Input material →
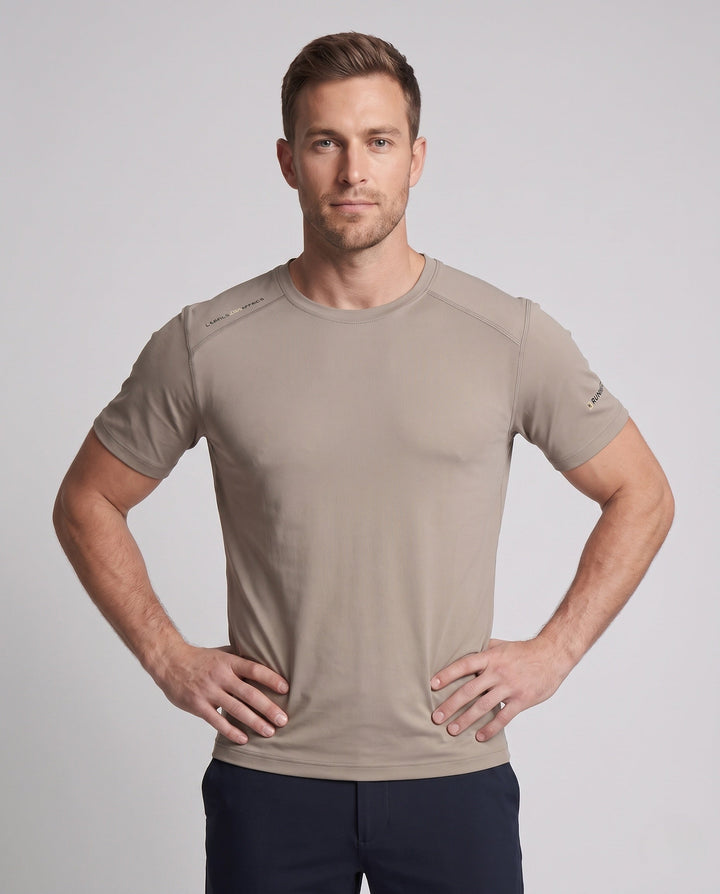 Product 15869450715466 - upper_body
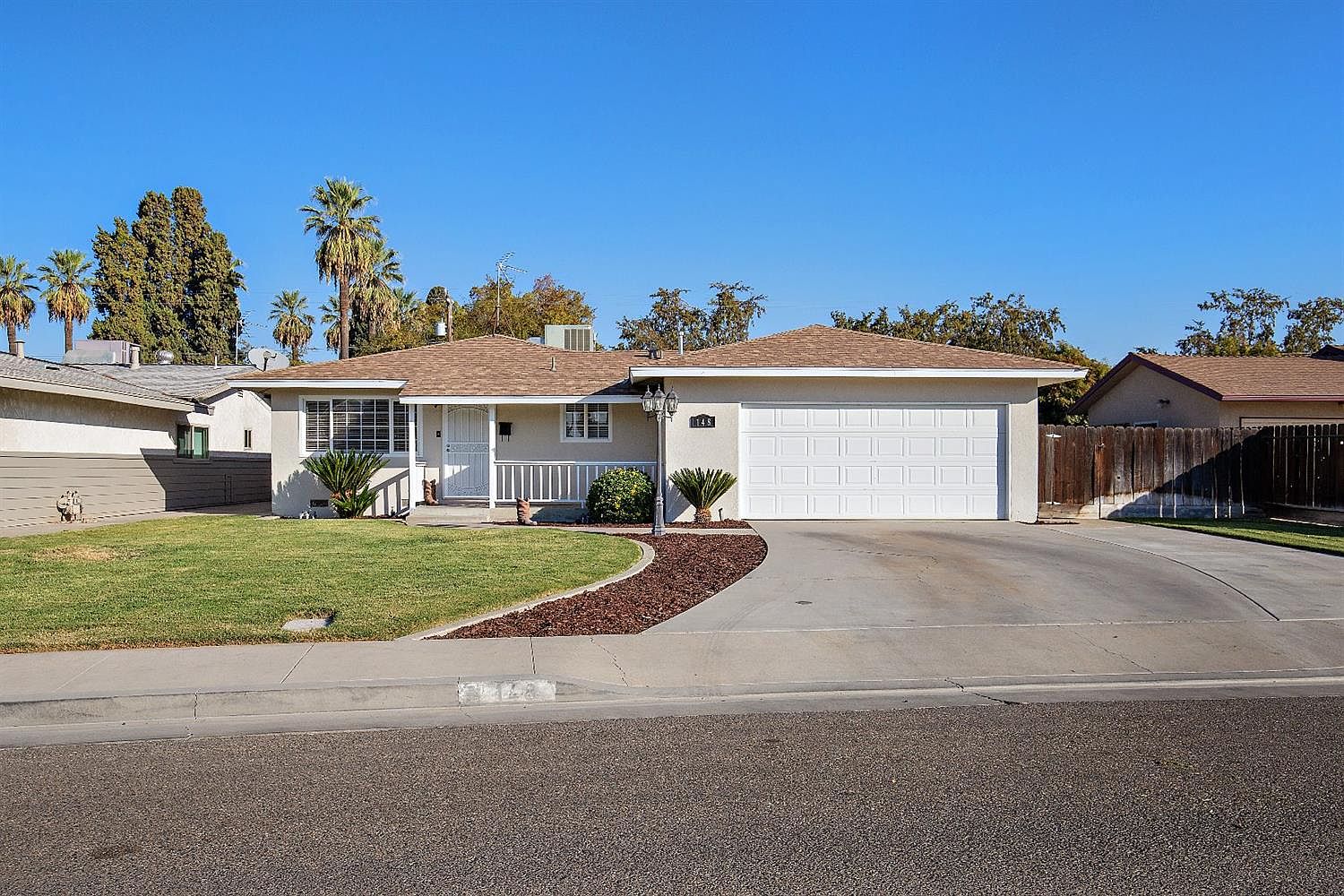 148 Faun Pl, Lemoore, CA 93245 Zillow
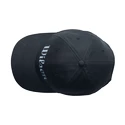 Wilson  Script Twill Hat India Ink Baseballsapka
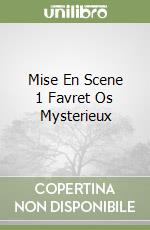 FAVRET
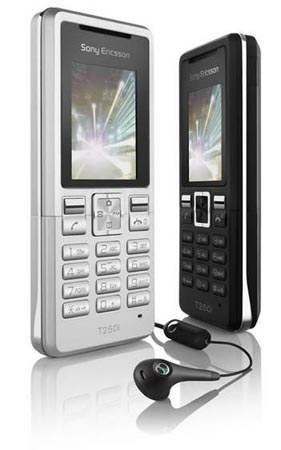 sony-ericsson-t250i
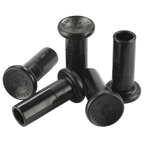John Guest® Line End Plug 15mm - Pack of 5 CAS15P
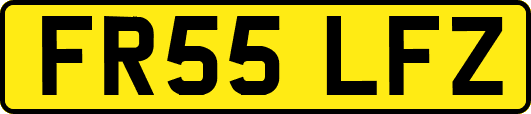 FR55LFZ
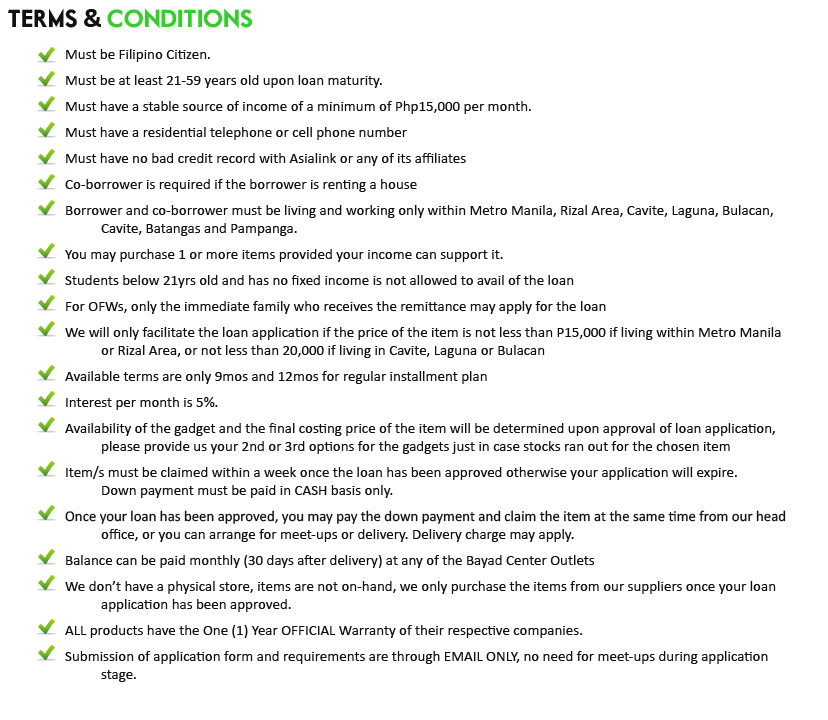 Htc+wildfire+a3333+black+specifications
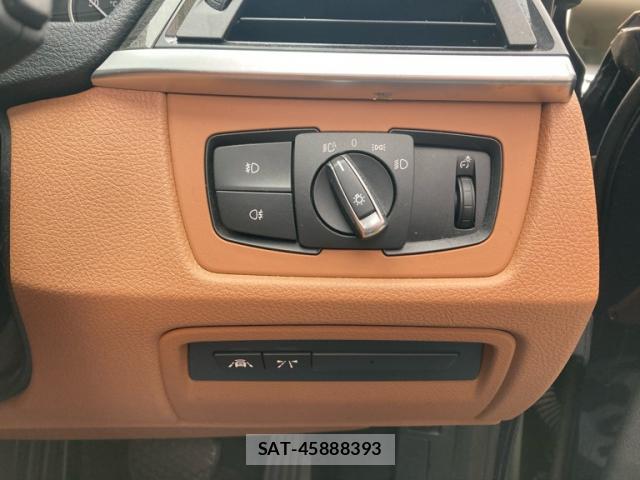 Bmw 3 SERIES 2013-10 8380034-8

Task description →
Please reproduce, word for word, only the lines from the line that holds "John Guest® Line" through the final line of the entries above, omitting any pictures.

Your solution →
John Guest® Line End Plug 15mm - Pack of 5 CAS15P
 FR55LFZ
 Htc+wildfire+a3333+black+specifications
 Bmw 3 SERIES 2013-10 8380034-8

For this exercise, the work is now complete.